El completo, un hijo querido en el país de las mezclas

Tan propio como la cordillera de Los Andes, uno de los sándwich más populares de Chile implica toda una experiencia. Ya sea para comerlo o simplemente para entenderlo. Con variadas actualizaciones desde hace casi un siglo, su consumo es transversalmente popular.

Con tomate, mayonesa, mostaza, ketchup, ají, chucrut o salsa americana, además de la infaltable vienesa, el tradicional «completo» puede ser una buena muestra de la mezcla con la que se forja la raza chilena.

Tal como en la fauna local es posible encontrar al quiltro como ejemplo de una raza canina hija de las combinaciones, en la sabrosa familia de los emparedados locales el «completo» surge como el hijo predilecto de las posibilidades del azar.

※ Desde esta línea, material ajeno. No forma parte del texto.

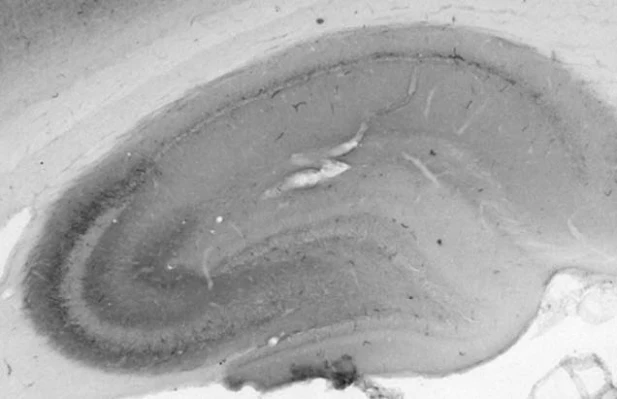 Anti-HCN2 Antibody - Image 4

No sólo puede ser un manjar para las masas, sino que también para los intelectuales. En sus variadas actualizaciones recoge las mejores prácticas que los conspícuos académicos de hoy llaman “híbridas” o que los posmodernos denominarían “pastiches”.

No será una muestra de la alta cocina, pero el «completo» es capaz de congregar a muchas ávidas bocas en los variados locales y carros en donde se vende. Santiago es una muestra palpable de ese paisaje y para muchos ya es tan propio de la cultura nacional como la cueca chora, el «terremoto» o las sopaipillas.

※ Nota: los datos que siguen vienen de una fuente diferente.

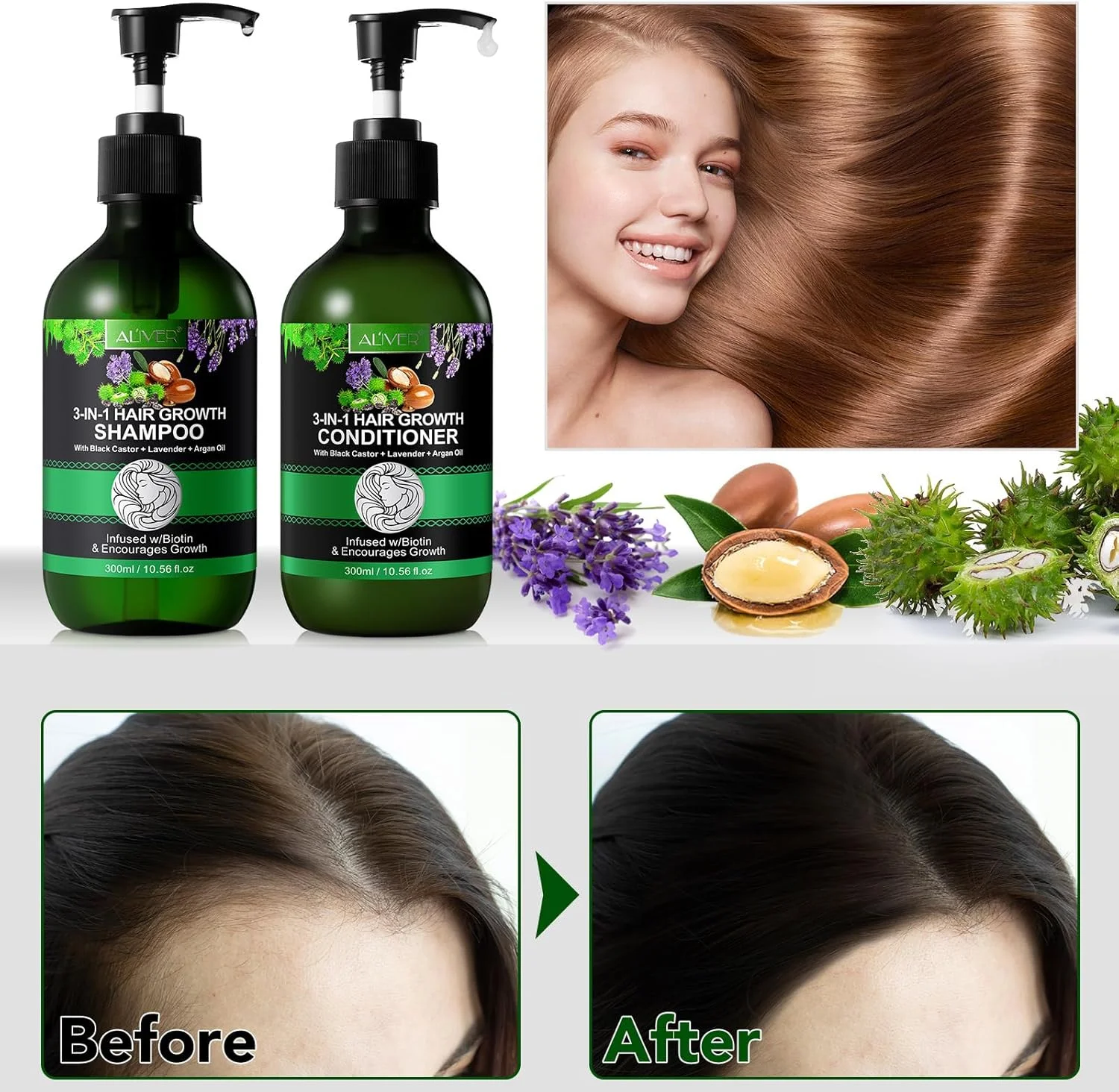 شامپو و نرم کننده بیوتین روغن کرچک سیاه برای رشد مو 300 میلی لیتر، مرطوب کننده، تقویت کننده و ضخیم کننده مو، ضد شوره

La experiencia de saborear este sándwich es única y, por qué no decirlo, intimidante. Hay que tener conciencia de la cantidad de calorías que uno le está entregando al organismo. Pero como lo más probable es que el hambre o el embelesamiento no permita este tipo de reflexiones, lo cierto es que en lo único que -generalmente- se piensa es en alcanzar la mejor técnica para no verse ridícul@ abriendo las fauces a dimensiones poco normales y, sobre todo, evitar la máxima cantidad de manchas posibles.

La misión no es nada fácil. Si hubiese una encuesta, de las que hay tantas ahora en el país, probablemente arrojaría un abrumador 99,9% de personas que alguna vez ha sido víctima de una gota de mayonesa, de algún pedacito de tomate o de algún veleidoso extracto de palta. Todas, por cierto, máculas casi imposibles de remover con detergente alguno.

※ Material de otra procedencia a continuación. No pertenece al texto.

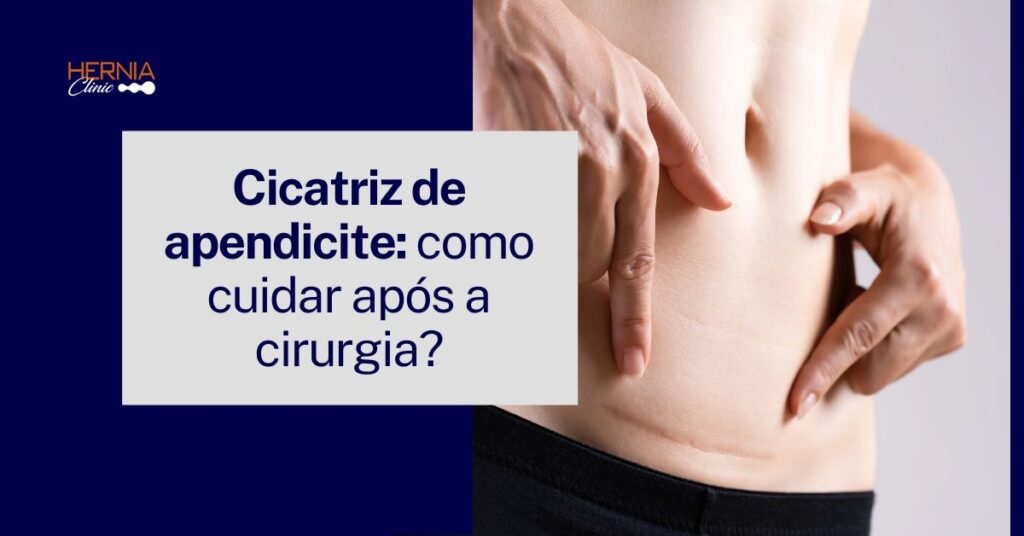 Pessoa aponta para uma cicatriz cirúrgica na região inferior do abdômen, próxima à linha da roupa, sugerindo recuperação pós-cirurgia.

Es lo que se conoce como la “experiencia” de comerse un «completo» chileno.

Y si en plena calle esta “experiencia” es riesgosa, en los locales establecidos la situación no es tan diferente, aunque algo más manejable.

Como la sociedad chilena, este sándwich se viene reinventando permanentemente desde hace casi nueve décadas. Los primeros antecedentes que se conocen lo ubican en el local “Quick lunch Bahamondes”, ubicado en el tradicional Portal Fernández Concha de la Plaza de Armas (en el centro de Santiago).

Su dueño, Eduardo Bahamondes, lo importa luego de un viaje a Estados Unidos. Y, a pesar de que no trae el producto con todos sus aderezos originales, la adaptación es rápidamente aceptada y el éxito se produce desde el momento mismo en que llega.

Hoy las actualizaciones llegan a extremos un poco sorprendentes, como la existencia de «completos XL», cuyas extensiones superan hasta el 50% de su tamaño original, que de por sí ya es incómodo.

Todo sumado a la amplitud de recetas que, curiosamente, recuerdan a varias de las colonias extranjeras presentes en Chile: el italiano (con palta), el rumano (con chucrut), la chaparrita (parecido a una empanada) o el americano (con salsas varias).

Y es que desde el tomate hasta la vienesa, pasando por la mayonesa, la mostaza y el chucrut, el «completo» es un ejemplo de la cultura de la mezcla tan propio de la historia local.

Por estos lares, en que se han adaptado leyes y costumbres, este sándwich encuentra un nicho desde el primer minuto en que llega y pasa a formar parte -rápida y acogedoramente- de la gran familia chilena que lo sigue disfrutando en sus más amplias versiones. Hasta gourmet.